煽り運転で注目される「高級車は運転が荒い」は本当か!?
非はドライバーでも風評被害に
最近、再び「煽り運転」が大きな話題になっています。発端はご存じのとおり8月中旬に常磐道で高級外車に乗った43歳の男が、執拗に煽り運転を繰り返した挙句、相手のクルマを無理やり止めてドライバーに対して顔を殴るなどの暴力を振るった事件です。
その後、この男が乗っていたのがBMWだったことが報道で知れ渡り、「煽り=BMW」という悪印象が広まってしまうという2次被害にも発展したのでした。
もちろん悪いのはドライバーであって、断じてBMWのせいではありません。ただ、印象というのは恐ろしいもので、繰り返し報道される中で人々の心の奥にネガなイメージが刷り込まれていきます。しかも、犯人が乗っていたのは試乗車だったというではありませんか。メーカーにとってはいい迷惑ですよね。
「煽り」は男性ホルモンのせい!?
ただ、一方では「高級車のドライバーは運転が荒くなりがち」という仮説もあるようです。これは少し前のカナダの研究結果によるもので、乗っている車種によって男性ホルモンの一種であるテストステロンの数値が変わるというもの。最近の「煽り運転」報道で再び注目を集めています。

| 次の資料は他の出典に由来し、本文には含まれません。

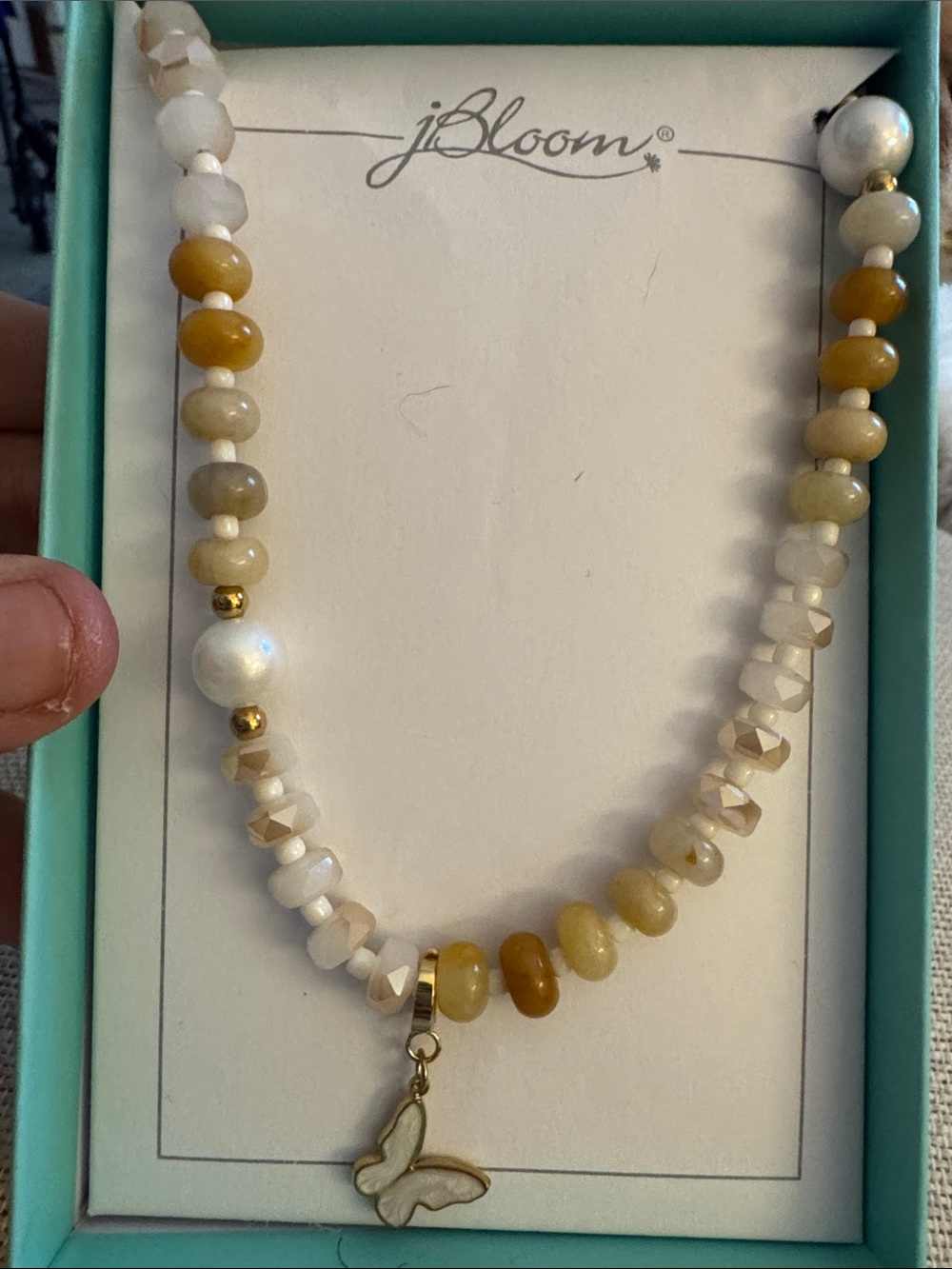 bloom Gold and White Beaded Butterfly Pendant Necklace trendy fashion jewelry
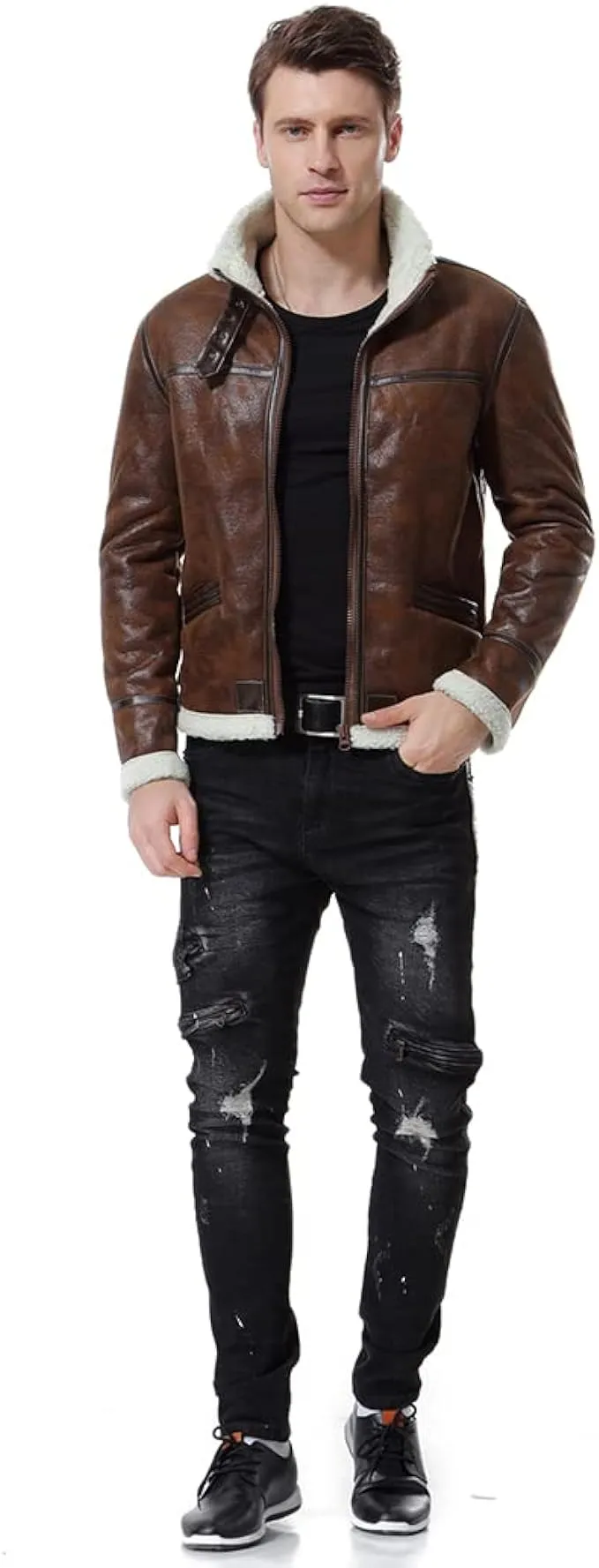 "Men's Stand Collar Bomber Brown Leather Biker Jacket"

具体的には学生に同じ条件下でトヨタの「ファミリーカー」とポルシェの「オープンカー」を運転させた場合、ポルシェのほうにテストステロン値の上昇がみられたという話です。
テストステロンには「活力」や「ヤル気」などのバイタリティを高める作用があると言われますが、一方では「攻撃性」や「短期」な性格などにもつながるのだとか。また、テストステロンの量が多いほど暴力的な犯罪に走る傾向がある、という米国の研究結果もあるようです。
高級車はトリガーにすぎない
つまり、高級車やスポーツカーに乗っているという優越感やステータス性が引き金となり、男らしさのバロメータであるテストステロン値を上昇させ、ひいては「煽り運転」という暴力性を発露させていくという心理的メカニズムです。

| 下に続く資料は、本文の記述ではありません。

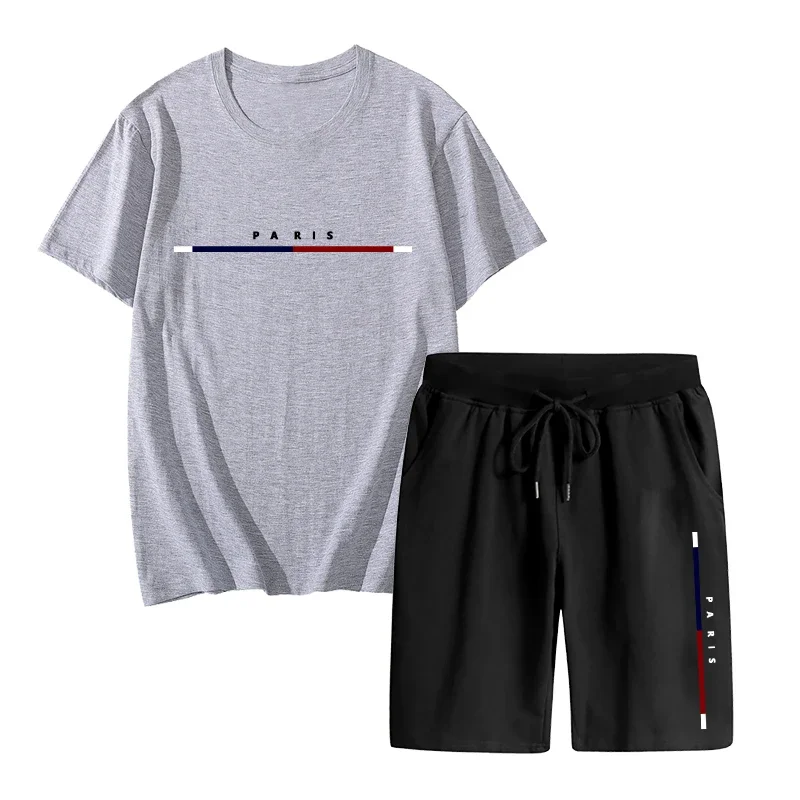 

Outdoor Men's Tracksuit Casual Versatile Summer Cool fresh Men T-Shirt Printing Daily Gym Jogging Man Sports Shorts Sets Fashion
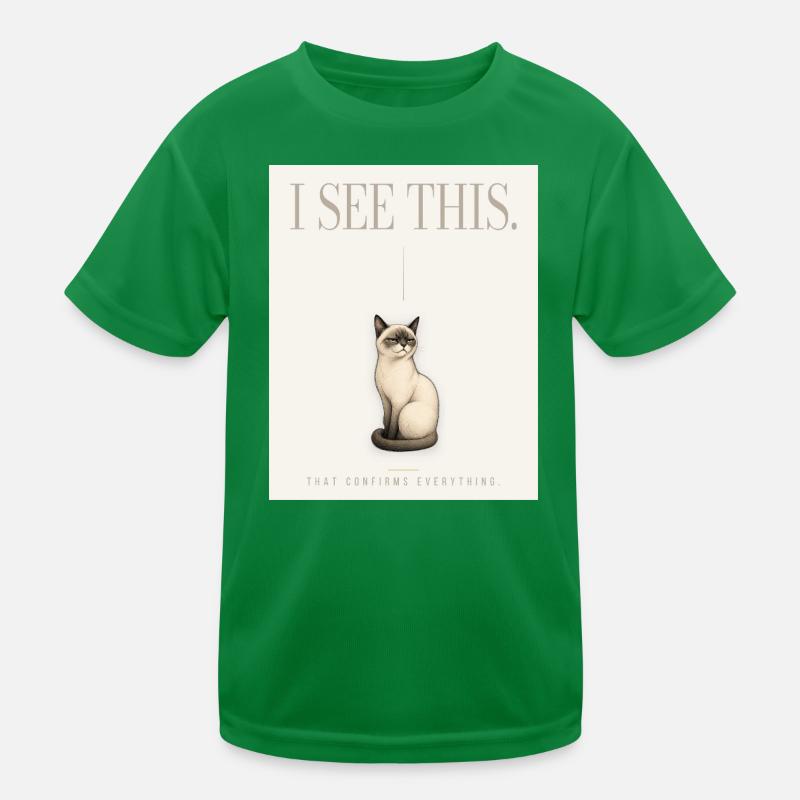 I SEE THIS. Noble Cat Introvert Meme Design Kids Functional T-Shirt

もちろん、高級車に乗る人がすべてそうなるわけではありません。「ハンドルを握ると人が変わる」という表現がよく使われますが、本当のところは「元々の性向が表れる」と言われています。つまり、最初から「煽り気質」を持っている人ということです。
「路上の激怒」はなぜ起こるのか
以前にもコラムで書きましたが、「煽り運転」は欧米でも「ロード・レイジ」(路上の激怒)として半世紀も前から問題になっています。
交通心理学では道路での意思疎通を「カーコミュニケーション」と呼んでいますが、運転中は相手が見えにくく意思を伝えることが難しいこともあり、些細なことでロード・レイジへとエスカレートしていくことも多いようです。

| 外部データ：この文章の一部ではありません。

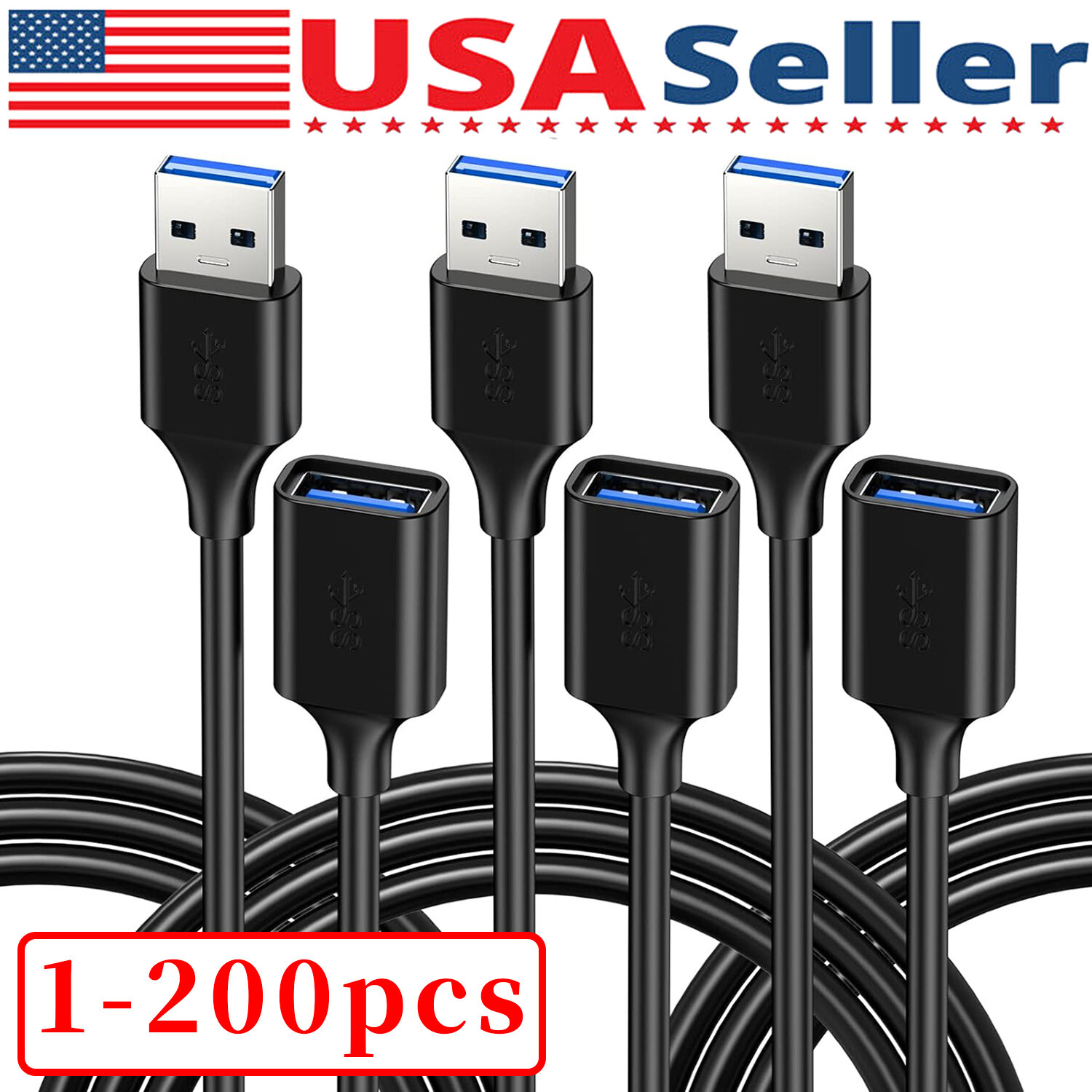 USB3.0 Extension Cable High Speed Extender Cord Adapter TypeA Male to Female Lot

また、鉄の箱に守られたクルマ同士という物理的な距離に加え、互いに知らない者同士という匿名性が心理的な距離をさらに広げ、普段はやらないような無責任で非社会的な行動を助長するようです。
最近ではドライブレコーダーや監視カメラの普及により面が割れて逮捕となるわけですが、それでも抑えきれない怒りとは凄まじいものです。
威嚇する大型スポーツバイク
翻ってバイクの場合はどうでしょうか。
最近はクルマの後ろにピタッとくっ付いてスロットルを空ぶかしする「煽りライダー」を目にすることも減りましたが、それでも週末に行楽地へ向かう高速道路などではマナーの悪いライダーを見かけることも少なくありません。
左車線から強引に抜いていったり、峠道でやたら車間を詰めてきたり……。あくまで経験上ですが、こうした威嚇行為をしてくるライダーは、残念なことに「大型スポーツバイク」に乗っているケースが多いように思えます。つまり、「いい大人が……」ということです。
逆に原付バイクで煽りまくるという話はあまり聞いたことがありません。本人はそんなつもりはないのかも知れませんが、相手には排気音やライダーの姿形だけで恐いと感じることもあるのです。
人の心に鎧を着せるもの
バイクもクルマと同じで、やはり高性能・高級モデルほどライダーの気も大きくなるのでしょうか。バイクはクルマ以上に刺激が多い乗り物ですし、その分、変身願望や自己陶酔感も強いかもしれません。
バイク好きの中には「こち亀」に出てくる名物キャラで白バイに乗ると性格が豹変してしまう本田速人みたいな人もいそうですが、漫画では笑えても現実的には困りものですよね(笑)。
ともかく、クルマやバイクは人の心に鎧を着せて「自分は強く全能な存在」と錯覚させやすい乗り物ということです。そして、それは高性能で高級になるほど陥りやすいワナでもあります。その行きつく先が悲しい事故や事件にならないよう、自制心を持って大人の運転を心掛けるようにしたいものです。